What you will do:
From the line containing "Ad07: Petals of" to the last line of the records below, transcribe everything exactly, pictures excluded.

Data records:
══════
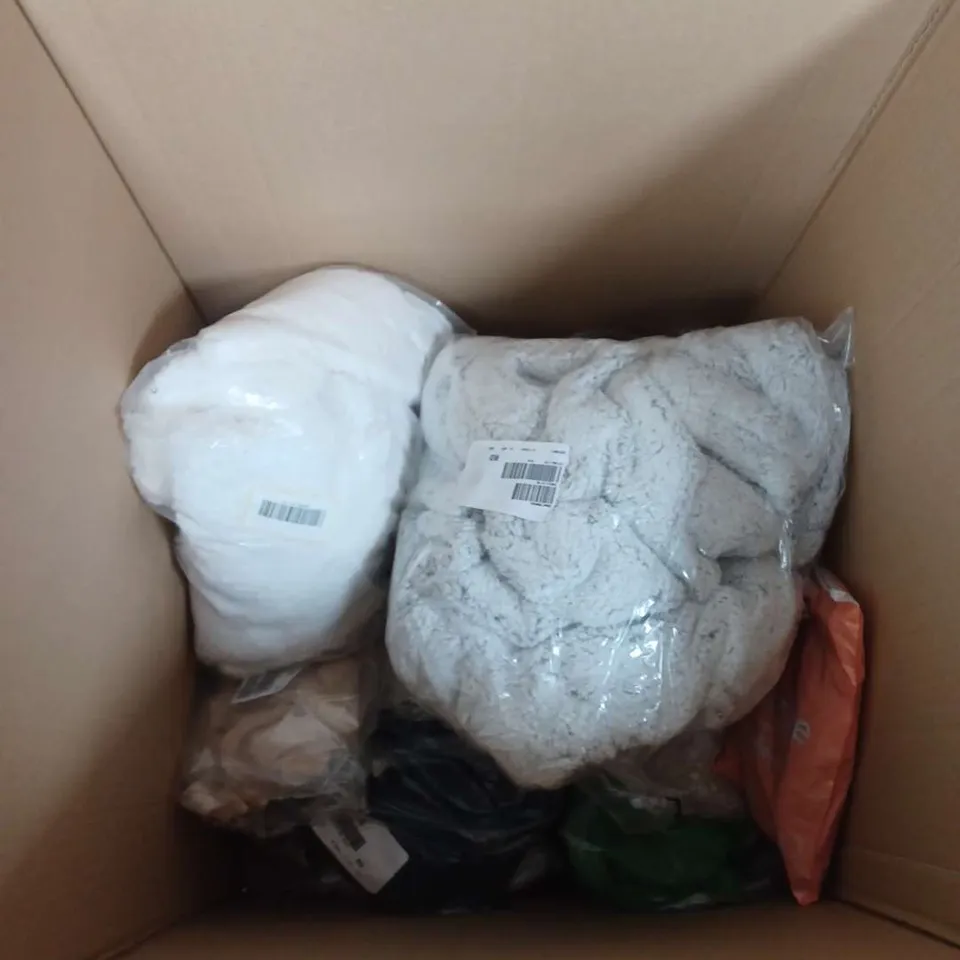 APPROXIMATELY 15 LADIES CLOTHING ITEMS IN VARIOUS COLOURS, SIZES AND STYLES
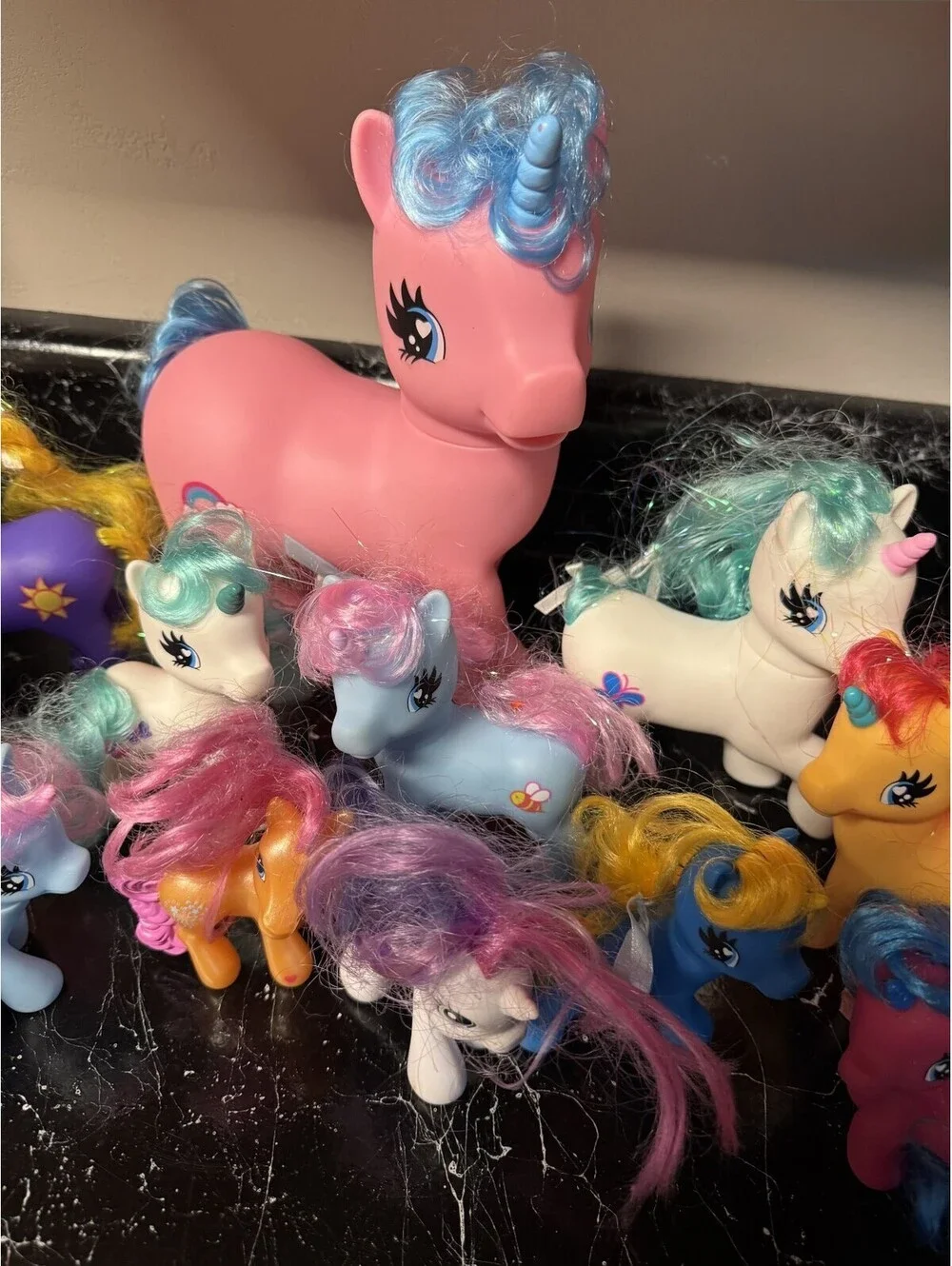 My Little Pony, Lot Of 18, Different Generations And Sizes Play Condition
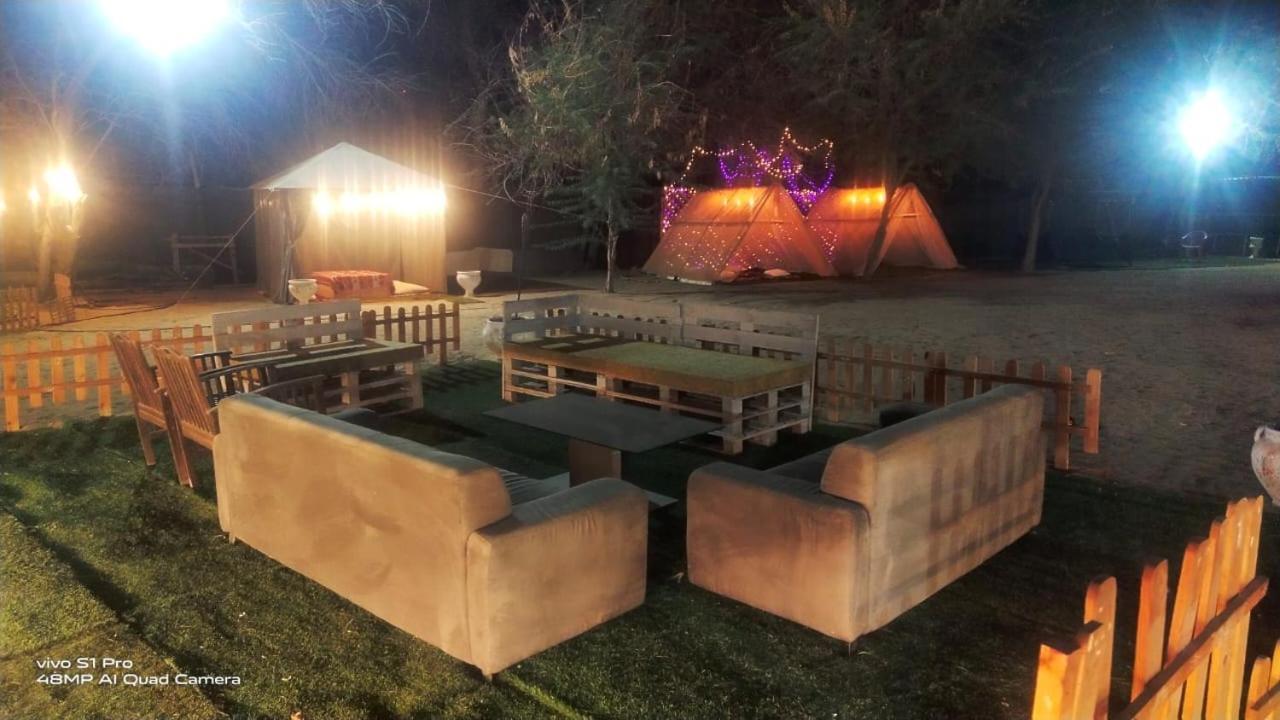 One 7 Farm Camping *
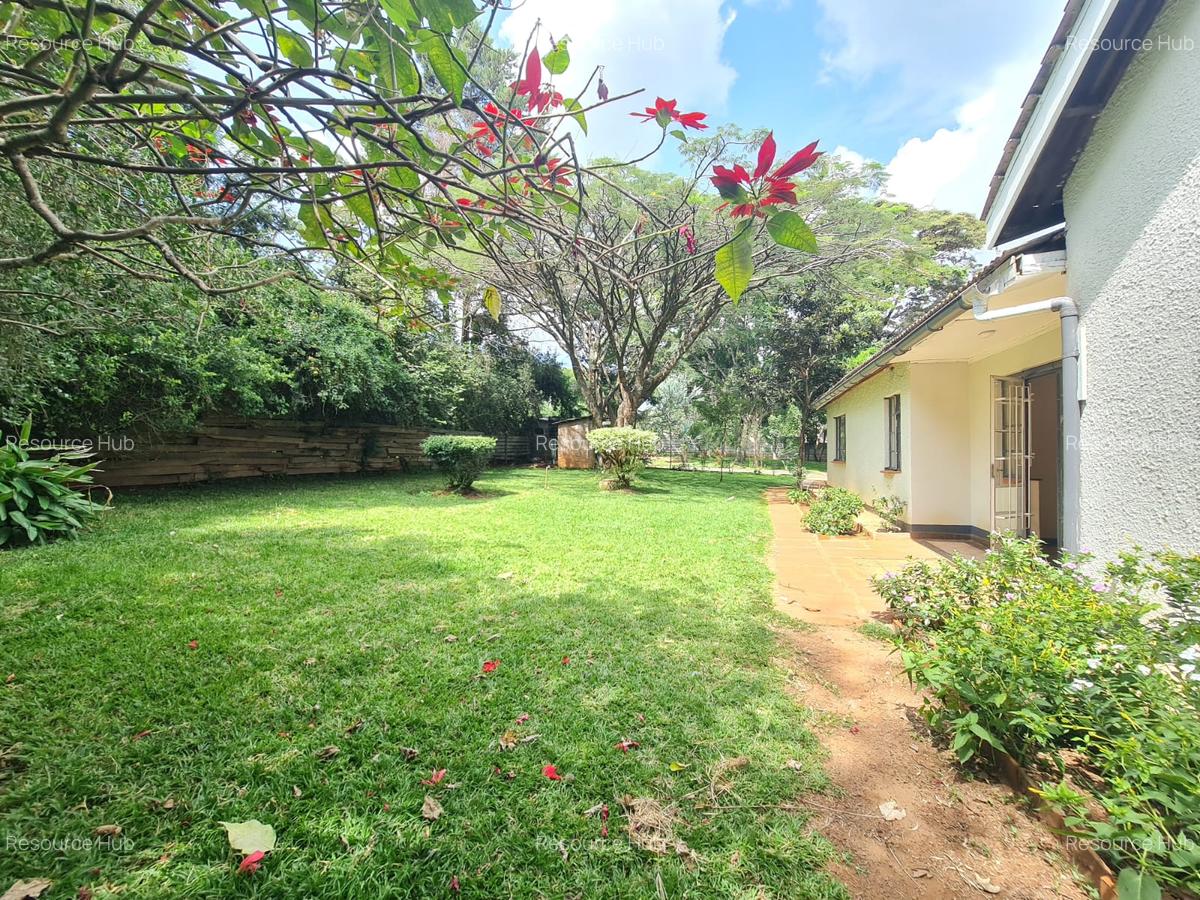 3 Bed House with En Suite at Bomas Area - 5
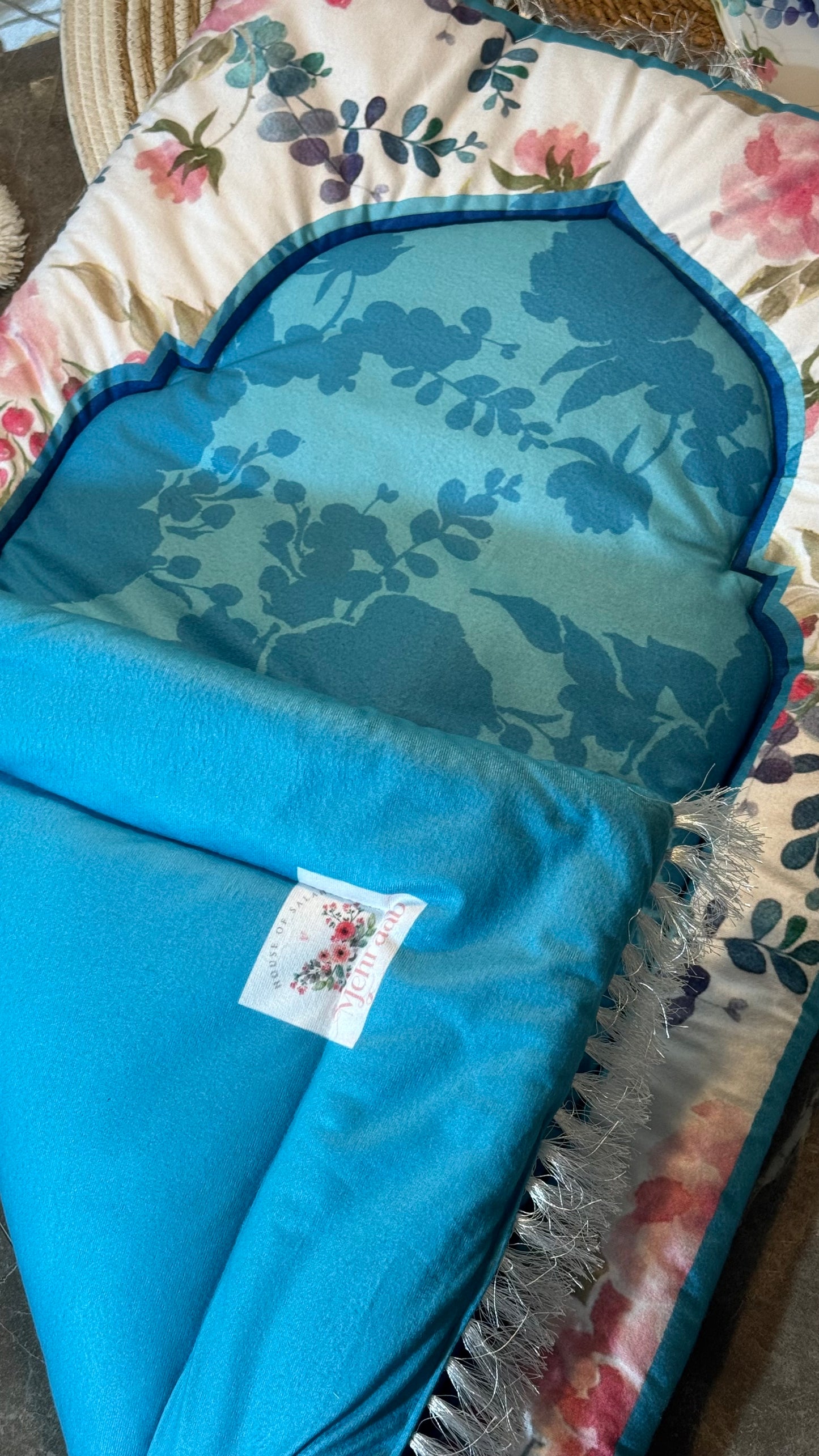 Ad07: Petals of Peace – Premium Floral Prayer Mat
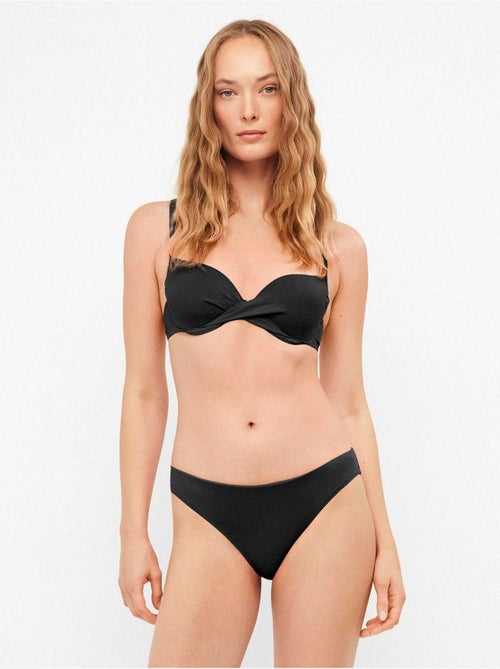 Bikinibroekje effen kleur - Kiabi Bikinibroekje effen kleur - Kiabi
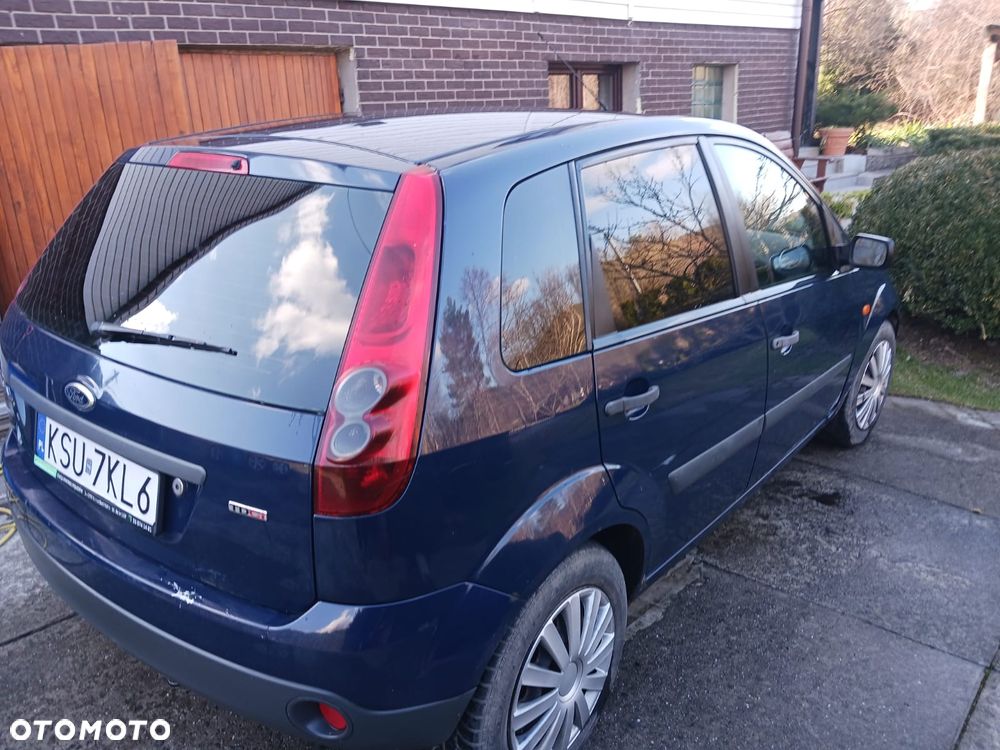 Ford Fiesta - 4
══════
Result:
 Ad07: Petals of Peace – Premium Floral Prayer Mat
 Bikinibroekje effen kleur - Kiabi Bikinibroekje effen kleur - Kiabi
 Ford Fiesta - 4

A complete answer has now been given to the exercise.